Binary classification model with one output for output layer

wt12318 opened this issue a year ago · comments

Hi,

I want to use zennit to calculate LRP relevance for Binary classification model which only one neuron in output layer, how to set the second para of attributor?

class test_model(torch.nn.Module):
    def __init__(self):
        super().__init__()
        self.lin1 = torch.nn.Linear(3 * 512 + 512, 1024)
        self.lin2 = torch.nn.Linear(1024, 512)
        self.lin3 = torch.nn.Linear(512, 1)

    def forward(self, x):
        out = torch.relu(self.lin1(x))
        out = torch.relu(self.lin2(out))
        out = self.lin3(out)
        return out
model = test_model()

from zennit.composites import EpsilonPlusFlat
composite = EpsilonPlusFlat()
test_input.requires_grad = True
from zennit.attribution import Gradient
attributor = Gradient(model , composite)
with attributor:
    output, relevance = attributor(test_input, torch.tensor([1]))

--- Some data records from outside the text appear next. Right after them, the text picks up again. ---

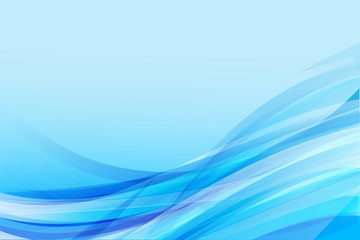 Abstract background light blue curve and wave element vector ill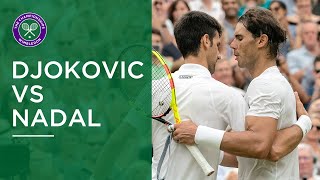 Novak Djokovic vs Rafael Nadal  All the Winners from their Wimbledon 2018 SemiFinal [upl. by Iram]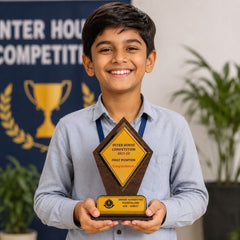 ustom Wooden Award Trophy | School, College, Corporate, Sports & Event Prize Trophy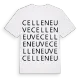 Celleneuve ordlek t-shirt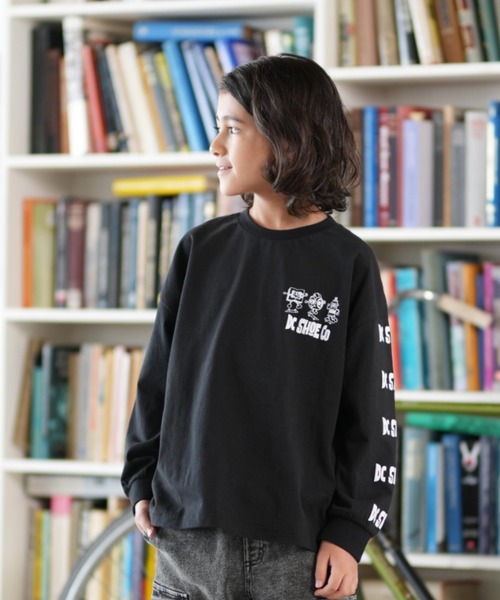 DC（ディーシー）の「DC/ディーシー 25 KD PLAY TIME LS キッズ ロンT YLT254520（Tシャツ/カットソー・キッズ・ブラック/ベージュ/ホワイト・100cm/110cm/120cm/130cm/140cm/150cm/160cm）」の12枚目の写真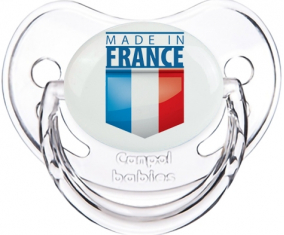Hecho en France diseño 2 Clásico Transparente Fisiológico Lollipop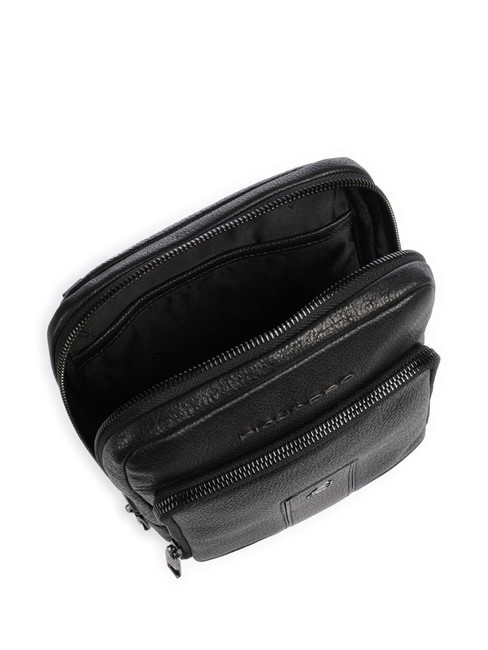 CARL Geanta iPad mini din piele negru - Genți de umăr bărbați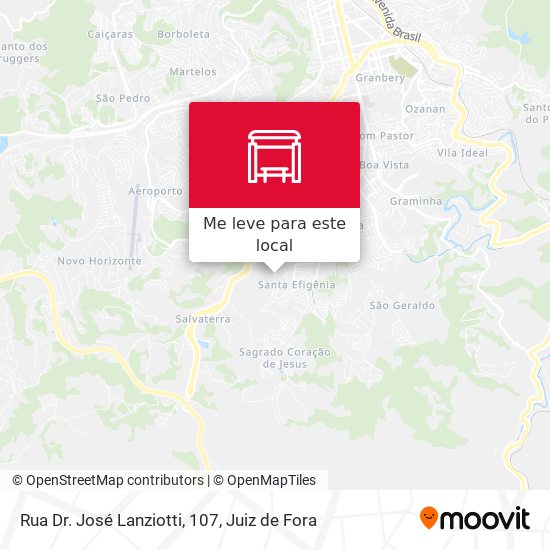 Rua Dr. José Lanziotti, 107 mapa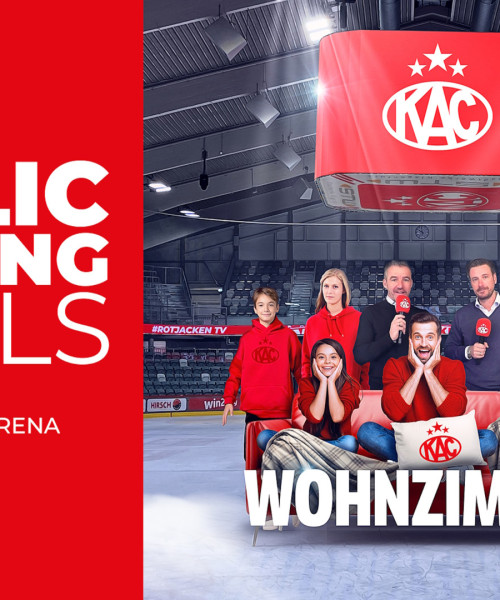 In der Finalserie findet in der Heidi Horten-Arena ein Public Viewing der Auswärtsspiele der Rotjacken statt
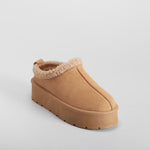 Zueco australiano plataforma beige NYC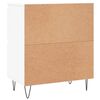 vidaXL Buffets 2 pcs blanc bois d'ing&eacute;nierie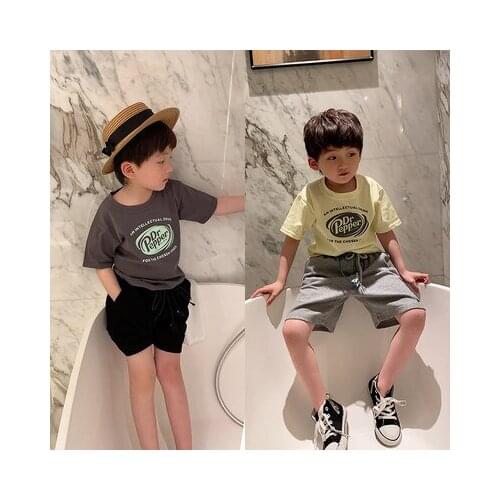 Childrens Short-sleeved T-shirt 2021 Summer New Boys and Girls Korean Cotton Short-sleeved T-bottom Shirt Boys Half-sleeved Top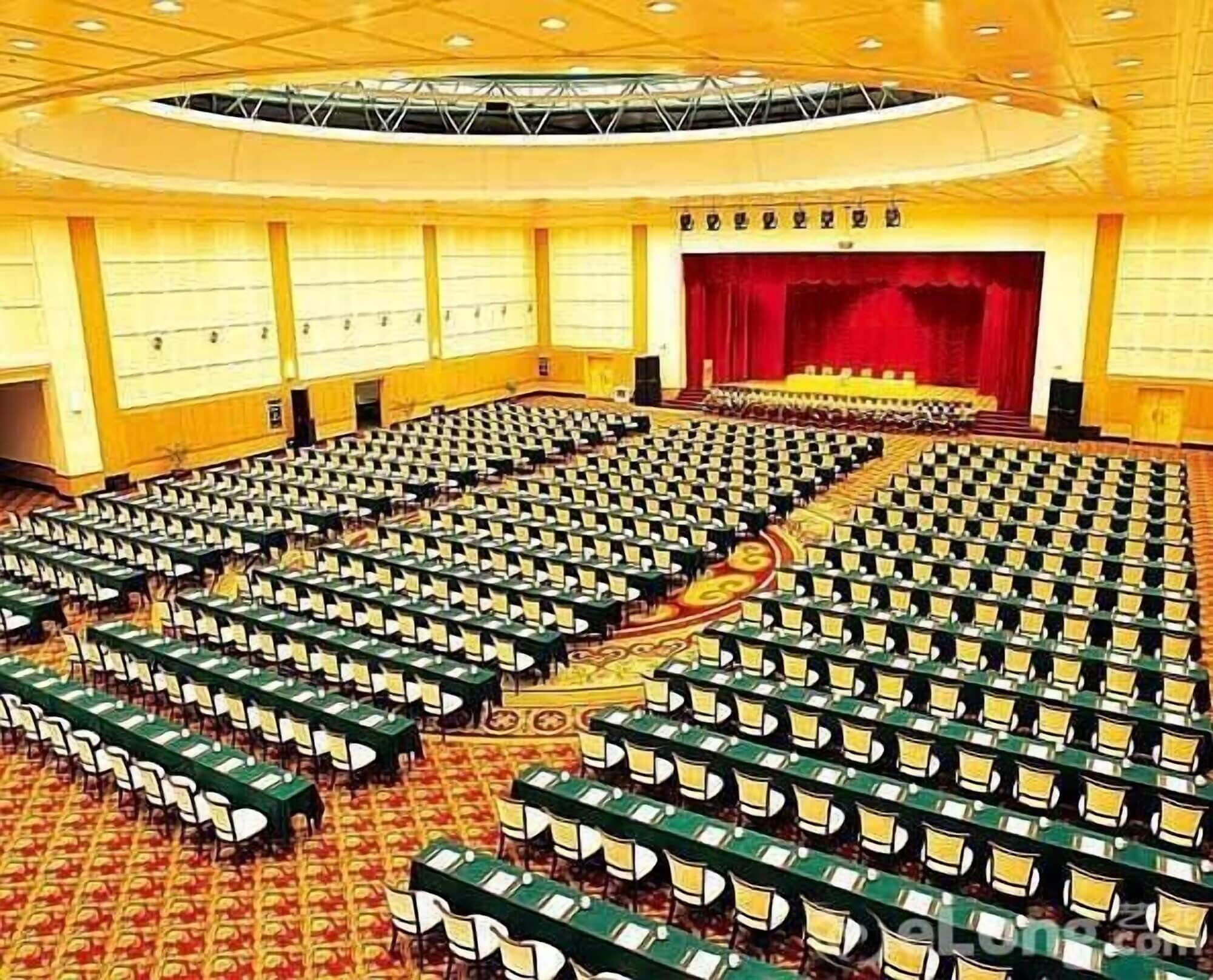 东莞龙泉国际大酒店-国际宴会厅会议室实拍照片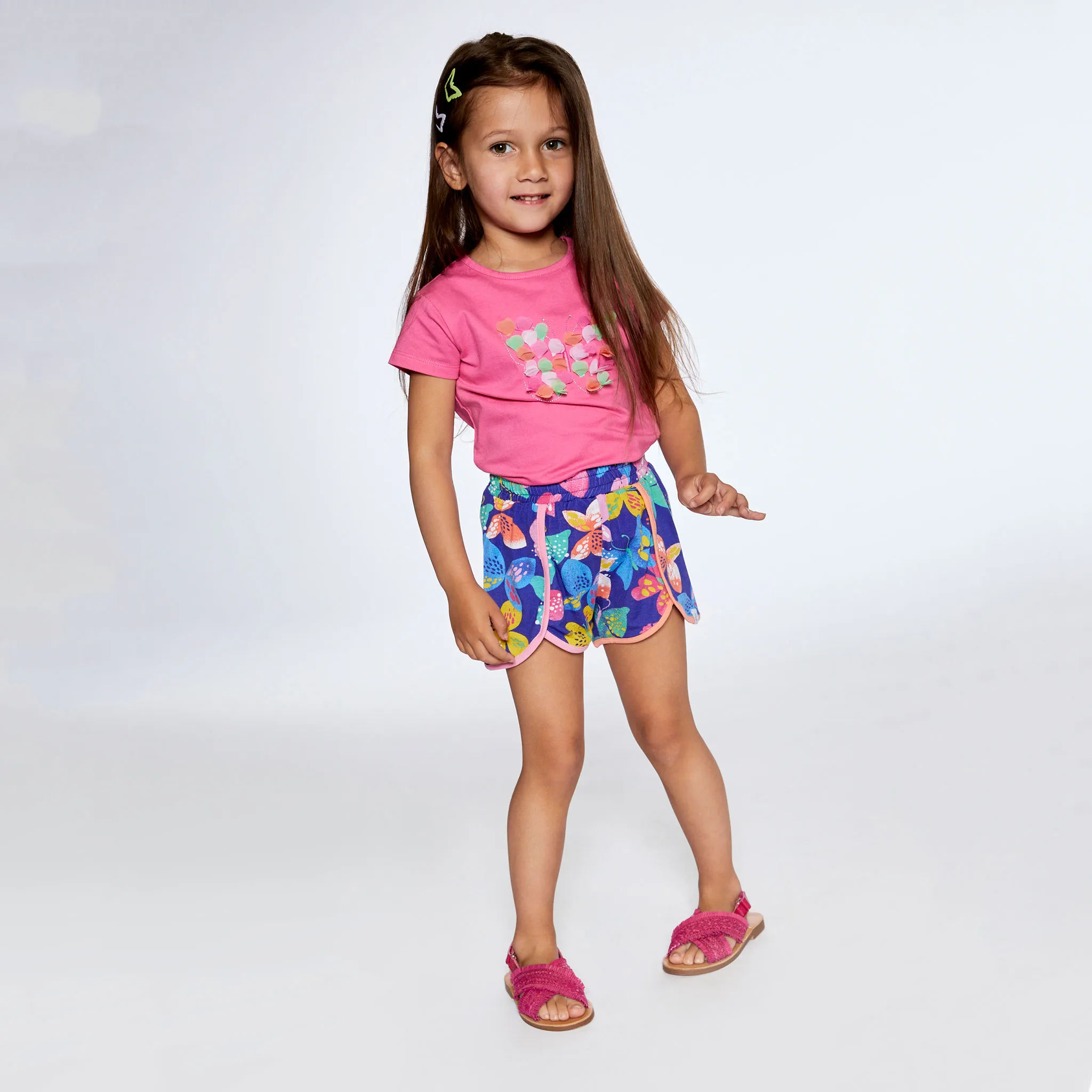 Deux par Deux T-shirt Papillon 3-6ans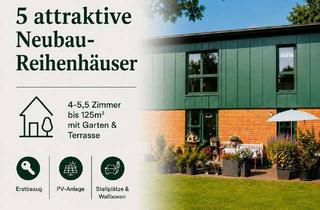 Haus mieten in Segeberger Str. 59, 24539 Gadeland, Neubau-Erstbezug: 5 Zimmer Reihenhaus, 110 m², Garten, Terrasse, Wallbox in Neumünster-Gadeland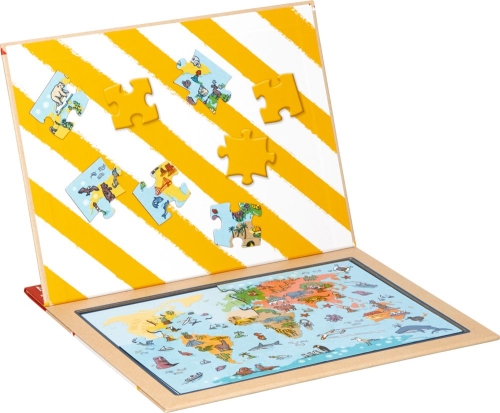 Магнитный пазл - Отправимся в путешествие Travel Time, Die Spiegelburg (72396) / Пазл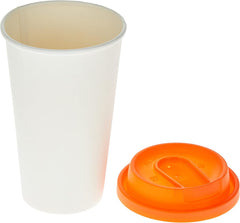 Fun HD Paper Cups with Sleeves and Citrus Lid 16oz Pack of 10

Christopher · Answer 1 · Fri Jun 16 2023 21:13:38 GMT+0800 (China Standard Time)

Hey Tao,

in your case, it should be safe to simply use the sign of the class you would like to attribute as your assigned output relevance, i.e. if you would like to attribute the negative class:

with attributor:
    output, relevance = attributor(test_input, torch.tensor([-1.]))

As this flip of the sign influences only the scale of the relevance, it should only flip the sign of your relevance if you use e.g. ZBox in the input layer (I think also for Flat).

Let me know in case this gives unexpected results, we have a few people working on regression models, who should be encountering the a similar problem and might know a little more in that case.